WARNING: no expected peer info was given, identify will not be able to verify peer integrity

[pgte]

I'm currently getting this "WARNING: no expected peer info was given, identify will not be able to verify peer integrity" message all over my tests, when using a custom transport.

This wasn't happening until I updated dependencies yesterday.

(Currently using js-ipfs 0.29.3 and I can't upgrade at this moment, don't ask..)

Do you know where I should start digging?

[jacobheun]

@pgte this is related to a security fix that was released yesterday for libp2p-switch that includes an update to libp2p-identify. The message you are seeing comes from libp2p-identify when the expected peer info is not passed to the identify.dialer method, https://github.com/libp2p/js-libp2p-identify/blob/master/src/dialer.js#L14.

This should only happen in one of two scenarios:

1. libp2p-switch is not the latest version, 0.40.7, which includes the security fix
2. crypto (secio) is not enabled for libp2p/libp2p-switch. (The peer data from the secio handshake is used to ensure the peer is the correct peer during identify)
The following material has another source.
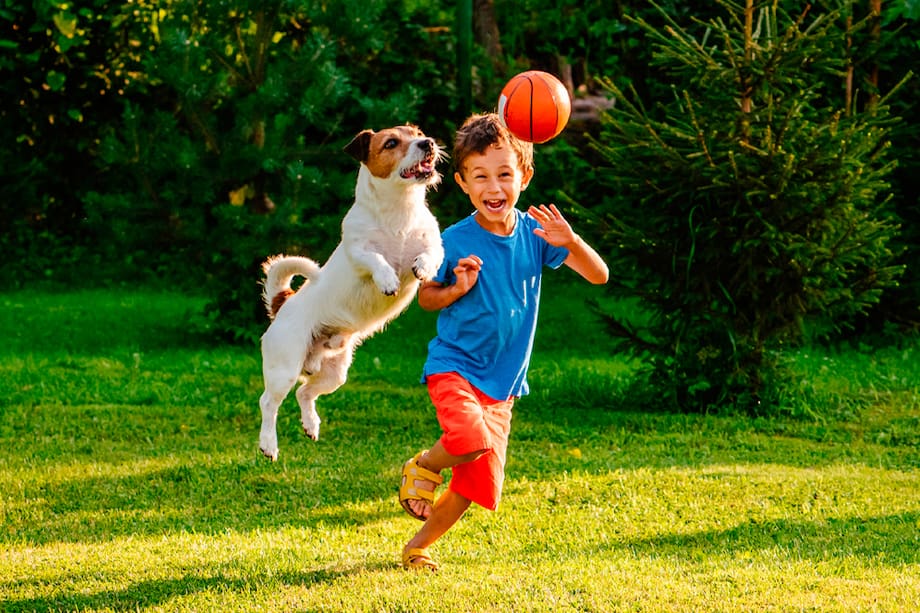 Conoce las razas de perros más juguetonas y que serán la mejor compañía para tus niños.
Can you see if you have an older version of libp2p-switch installed or if secio is not enabled in your test suite? If neither of these is the case and you have the code pushed somewhere I can take a look at it.

[pgte]

@jacobheun thanks, makes sense. It's using libp2p-switch version 0.39.2, which apparently triggering this warning in libp2p-identify 0.7.2. I'll try upgrading. Thanks!

[pgte]

@jacobheun Upgrading to the latest js-ipfs did the trick. Thanks!